Interestingly, retarding the cam timing absolutely killed the hp/tq. I was going for that one big hp # at the expense of tq, but it just wasn't there. Back to the "street/track" set up and those are results....
So..... last time I dyno'd, I made 128whp, 138 wtq. The differences between then and now.......replaced the Brospeed header with a TT race header. Replaced CIS with MegaSquirt. Replaced the factory port matched intake mani/A2 tb with a set of Puma Racing ITBs. Oh, and the Schrick 280 was replaced with a DeltaCams 300+. Net results, anther 30 hp and a loss of 3 ft lbs. Not a bad trade off








That said, this engine is DONE! Time for another project. Anyone interested in a set of of PumaRacing ITBs and a dcoe mani for an 8v? For sale soon at a Vortex location near you...... 

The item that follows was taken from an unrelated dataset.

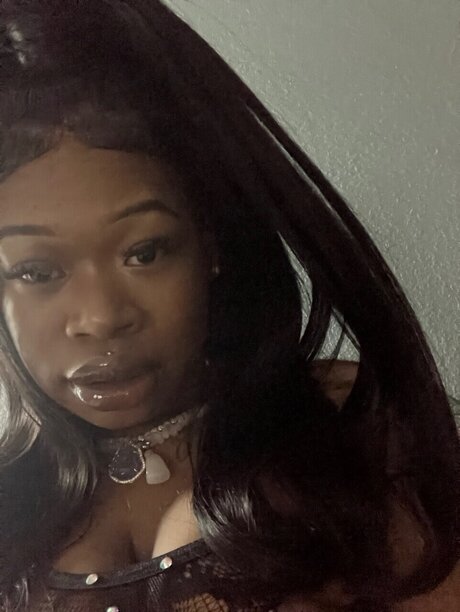 Naakte gelekte OnlyFans-foto van Ivy
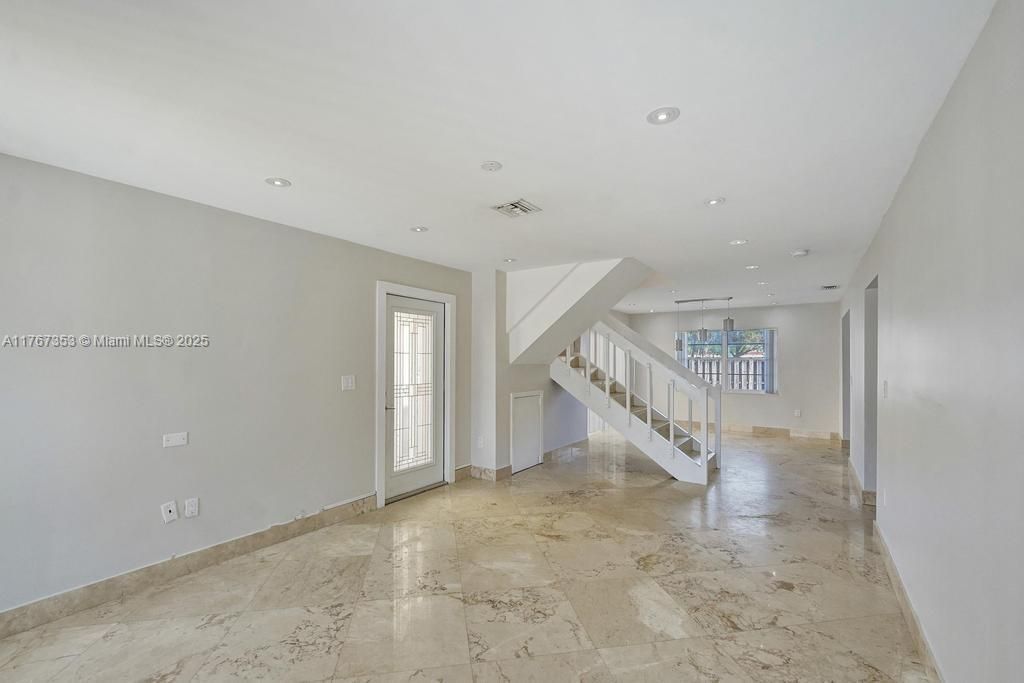 Vendido Recientemente: $500,000 (3 camas, 2 baños, 1569 Pies cuadrados)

_Modified by Andrew Stauffer at 5:47 AM 9-17-2004_


----------



## dohc (Sep 28, 2001)

*Re: 8v of vindication -dyno- (Andrew Stauffer)*

Sick!!
Lets see some vids!! http://****************.com/smile/emthup.gif


----------



## Vwagen18t (Jun 13, 2004)

*Re: 8v of vindication -dyno- (Andrew Stauffer)*

congrats to you








my 8v is in the 1st stages


----------



## Andrew Stauffer (Oct 2, 2000)

*Re: 8v of vindication -dyno- (Vwagen18t)*

Thanks guys. No vids, all the money is in the car







, none left for things like cameras, haha...


----------



## stock77 (Aug 28, 2001)

*Re: 8v of vindication -dyno- (Andrew Stauffer)*

Nice job. Good to see you finally made it. How does the car drive now with the itb's? Did you get the cam straight from Delta? You are running the car down the strip before it gets parted out correct? And my final question, what is the next motor project?
Theo


----------



## Andrew Stauffer (Oct 2, 2000)

*Re: 8v of vindication -dyno- (stock77)*

Theo, 
The car drives fine with ITBs. It takes a little more attention at low speeds, as there's ALOT of throttle area, but truly, it's fine. The cam I got through 2L Bunny, aka Tim Thoming, he was kind enough to lend it to me http://****************.com/smile/emthup.gif and it's greatly appreciated. I've spoken with Delta Cams about it and they're suprisingly affordable, folks should check them out. This cam rocks in this motor. 
I've run the car at the track prior to the dyno session(ie less tuned than it is now) and managed to go 14.3. I'm going to try again next week as I see I've been revving her out too much. She doesn't "fall off the cam" before 8k, or so it seems ,but the dyno chart tells the tale, peak whp at 6900. I can shift sooner and hopefully knock off a few tenths. I'm not the most skilled driver however. I need alot of work








Launching this car is somewhat challenging as there's alot of heat going into those airhorns while sitting at the tree-it makes it inconsistant. Looking at my datalogs, the intake air temps drop very fast when moving, but sitting in the staging lanes, box and light isn't helping with consistancy. 
Next motor? This one. Minus the ITBs, replaced by one of Peter Tongs Rotorcharged LLC Autorotor twin screw supercharger kits. I'm going from high winding hp to low rpm GRUNT......gotta try it both ways and see where I like it the most........although I had a ride in a 13.00second twin screw supercharged rabbit this past weekend and I *suspect* I'm gonna LOVE IT.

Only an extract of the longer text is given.